I personally agree with the majority of this. I mean we have DNS doing a similar thing (localized registration isn't too dissimilar from localized monitoring) in the form of ccTLDs so why should the pool not follow along especially when the pool suffers due to only having one monitoring node and the unreliable nature of peering issues and routing issues in general? Though there is one problem that I forsee with this: DNS zone control. You'd still need these trusted stations to communicate to the main monitoring node in some API-like fashion to tell it "hey, add/remove this IP address to/from the round-robin DNS for my country/region please." Is it probably a simple thing to do? Simpler than dealing with the issues currently presented at least, yes. Very easy? Not a chance in hell unfortunately. Although I suppose local score cache aggregation (make it so the server trying to be added to the RR DNS has to maintain a score >=10 for at least 3-5 additional checks to get confirmed as good and have API communication to have it added occur) could be considered a viable solution to decreasing overhead on this. Another issue is that it's no small feat to coordinate this and, more than likely, we'd need to adjust the code base for monitoring so that all monitoring nodes talk to each other providing an aggregate weight based on location and connectivity for NTP servers and the monitoring nodes.

Just my two cents here.

Lucas

On 2/23/2017 9:12 AM, Peter wrote:
But, in this case could it not be smarter? We have separate pools for
worldwide, europe, country level already. Now, it seems to me that around
Europe my str 1 server provides very good timekeeping. Outside of Europe
not so much.

What would be the problem (aside from the effort to set it up) to have an
"AND" system in tiers. So for example you have a monitoring station
(trusted people with good connectivity can donate their server by running
it as a process) in at least all continents and preferably at the country
level. So, for country level you need to have a good rating with any
monitoring stations in your country that checks you. At continent level you
must have a good rating for any in your continent that tests you, and at
global pool level, you must always present a good result, whichever station
probes you.

That way, any server in the global pool, you know is on a well connected
host. But, those that have bad transatlantic peering could still be
providing really good results more locally.

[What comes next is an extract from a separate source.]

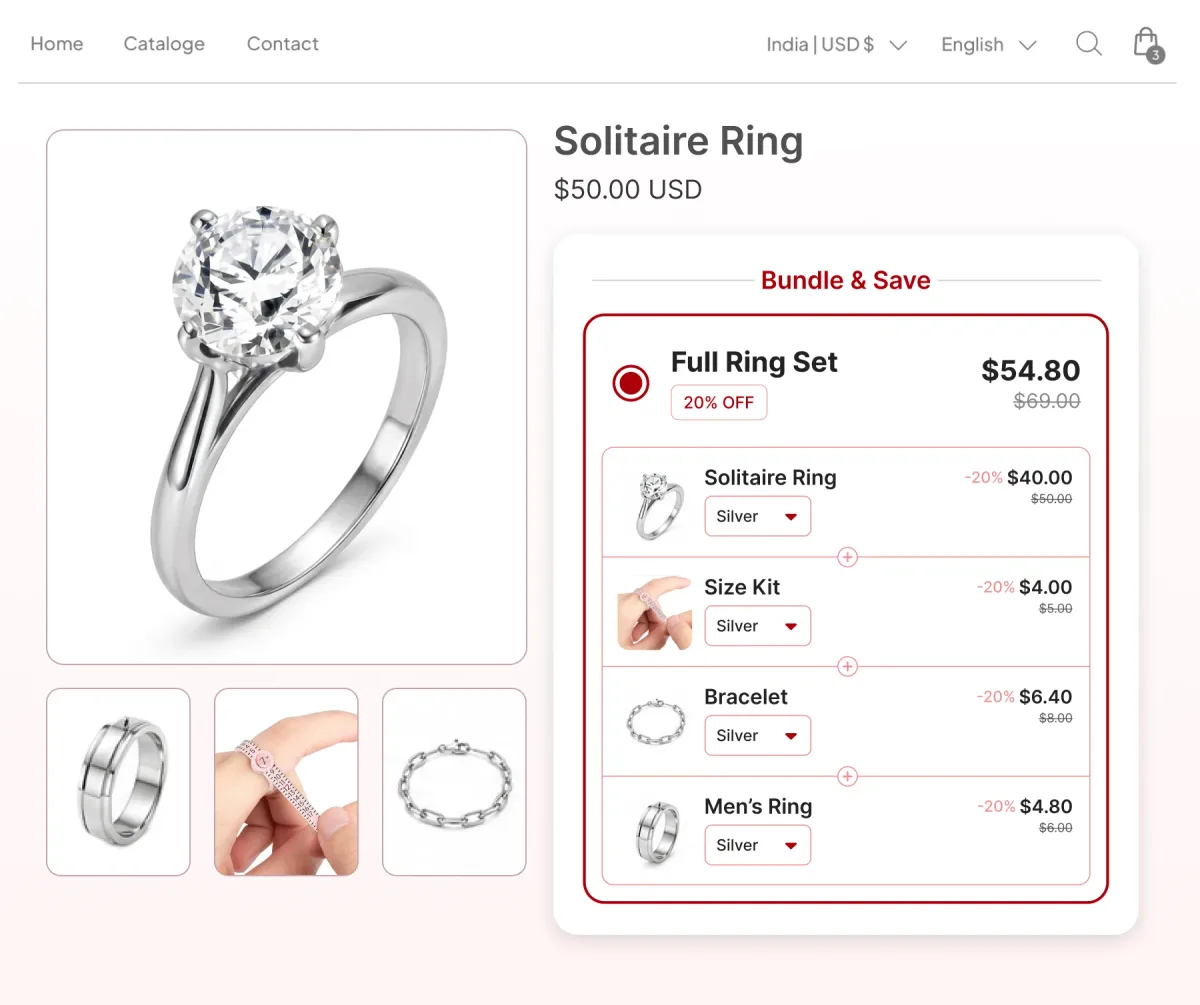 Solitaire ring page with a Full Ring Set bundling the ring, a size kit, a bracelet and a men's ring, every item set to the same silver finish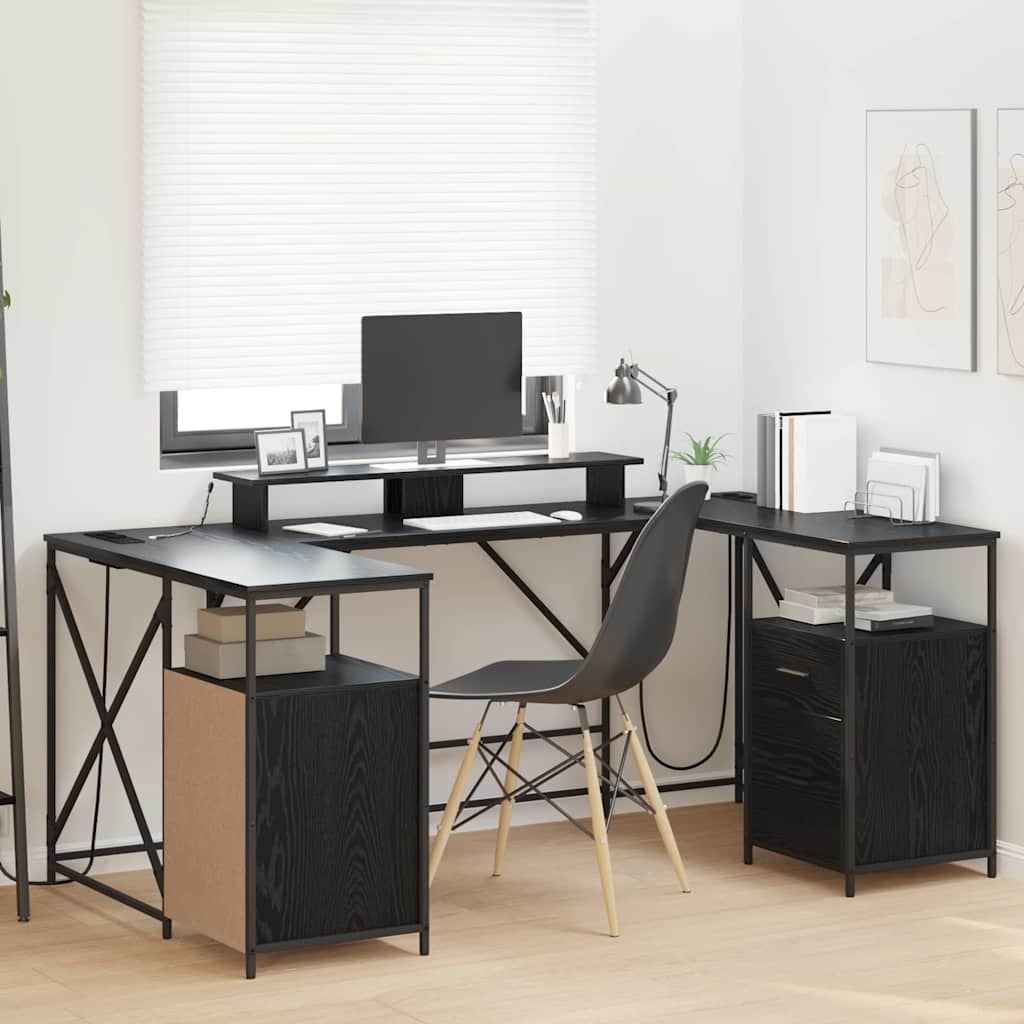 vidaXL Bureau met lade Zwart eiken 182 x 101 x 87.5 cm Bewerkt hout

On 23 February 2017 at 14:04, Tim Bray <[email protected]> wrote:

On 23/02/17 10:38, Rob Janssen wrote:
It depends on where the routing problems actually are.  When the
problem is in some
transatlantic link, there is no issue for the server to be in European
pools.
Well, lets say you host a website.   This website pays your bills.

You have 1 monitoring system, and it says your website is down sometimes.

So you blame the monitoring system, and install a second monitoring
system on another ISP.   This always reports site up.

So you say `My website is up if either monitoring system thinks it is up`.

Well, then you are wrong, because actually what you are saying is.
`My website is up for half the internet, and down for half the
internet`     For most people, that is a problem.  Some people can't get
to your website.

(ok, there are some truly crap ISPs around with naff connectivity,
peering disputes, full ports, ....  Can't be helped)


Does this apply to the pool?

To me, if a pool server is visible from half the internet, but not the
other half.  Somebody puts pool.ntp.org into their computer with an SNTP
client. DNS gives them an inaccessible client.  The time doesn't set.
Their conclusion is `The NTP pool is broken`

This is even though the same server might be serving other users fine.